Подрагивают стекла в огромных рамах.
Тюль топорщится, запыленный.
Бульвар бормочет за окном невнятными голосами, будто извиняется за все.
— Знаешь, — говорит он, — я бы чего-нибудь поел.
— Ешь, — говорит она. — Открывай холодильник и ешь.
Старенький, безотказный «Газоаппарат».
Котлетка. Два помидора. Овощной суп на завтра в стеклянной баночке. Конфитюр. Маслины на розетке. Оставшийся с обеда салат. Зеленый лучок в банке из-под майонеза, нарезанный про запас.
— Я не хочу этого, — говорит он.
— Иди в ресторан, — говорит она.
Две рюмки водки он выпивал когда-то.
С мороза. Перед обедом. Воротившись с работы.
Две рюмки водки из граненого графинчика с притертой пробкой, где плавала лимонная корка.

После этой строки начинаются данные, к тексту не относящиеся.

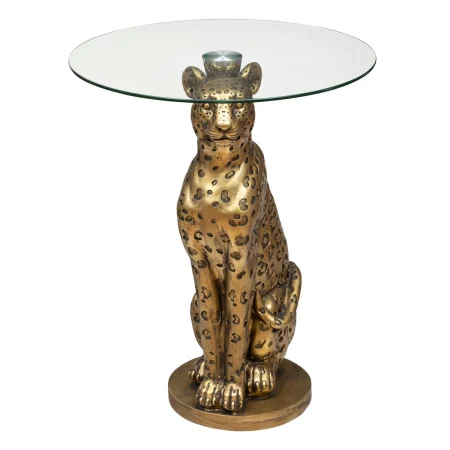 TABLE CAFE ROND WILD LEOPARD 197754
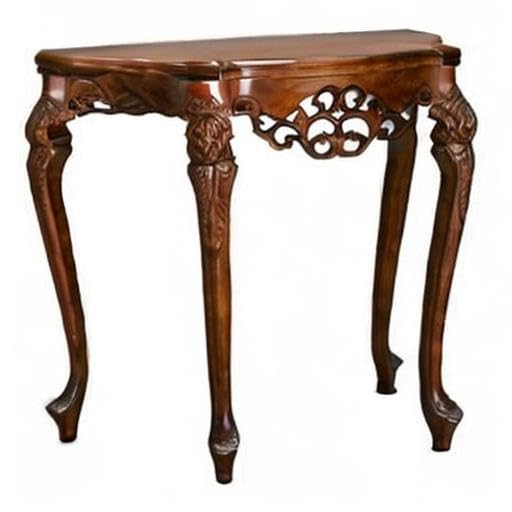 Half Moon Wood Console Table - Solid Wood Entryway Sofa Table with Storage Shelf | Perfect for Living Room, Hallway, or Bedroom Decor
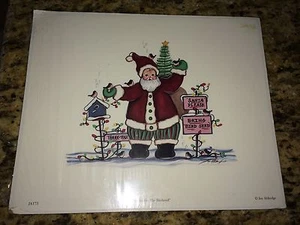 Santa "Thanks for the Birdseed by Joy Alldredge - Christmas 8 x 10 - Picture 1 of 6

Отобедав, закуривал папиросу.
Одну за целый день…
Две рюмки водки ему разрешались на старости. Две полные, до краев, рюмки на всяких там именинах-праздниках. Больше ему не давали. Больше и сам не брал.
Две рюмки, перед которыми оживлялся в предвкушении.
С которых — задремывал…
— Сделать тебе яичницу? — спрашивает она.
— Не хочу яичницу.
— Сварить тебе яичко?
Тогда он обиженно садится за стол и ест хлеб с маслинами. Огромные куски мягкого белого батона и мелкие, черные маслины, сморщенные, как пальцы у прачки-негритянки. Любовь к маслинам у него с Одессы.
Косточки он кладет на клеенку…
— Тебе это вредно, — говорит она.
И отворачивается, чтобы не видеть.
Тогда он ест хлеб с конфитюром.
Огромные куски мягкого белого батона, густо обмазанные по краям.
— Надо послушать погоду на завтра, — говорит он.
— До завтра надо еще дожить, — говорит она.
Может, дети забредут к вечеру?..
На Палашевском рынке, посреди возбужденной толпы, стоит роскошный грузин в модной кепке и торгует первыми мимозами.
Вокруг прилавка бушуют страсти, мужчины лезут через головы в просыпающемся раз в году рыцарском усердии, а грузин возвышается над всеми, сытый и бархатистый, пришельцем с удачливой планеты.
Оказывается, я тоже пихаюсь локтями…
Он выдергивает из чемодана сплюснутую веточку, встряхивает, оправляет, выкликивает, не задумываясь, орлиным клекотом:
— Три рубля… Пять… Восэм…
И фарширует деньгами длинный дамский чулок.
С первого взгляда заметно, что чулок уже надевали, и не один раз…
Я звоню в дверь и слышу, как бежит она по коридору, легконогая и торопливая.
— Это мне? — удивляется она. — Лучше бы на детей потратил.
Не баловали мы ее подарками…
— Дети обойдутся, — говорю я.
Я звоню еще и еще, а она все бежит и бежит по бесконечному коридору, добежать до меня не может.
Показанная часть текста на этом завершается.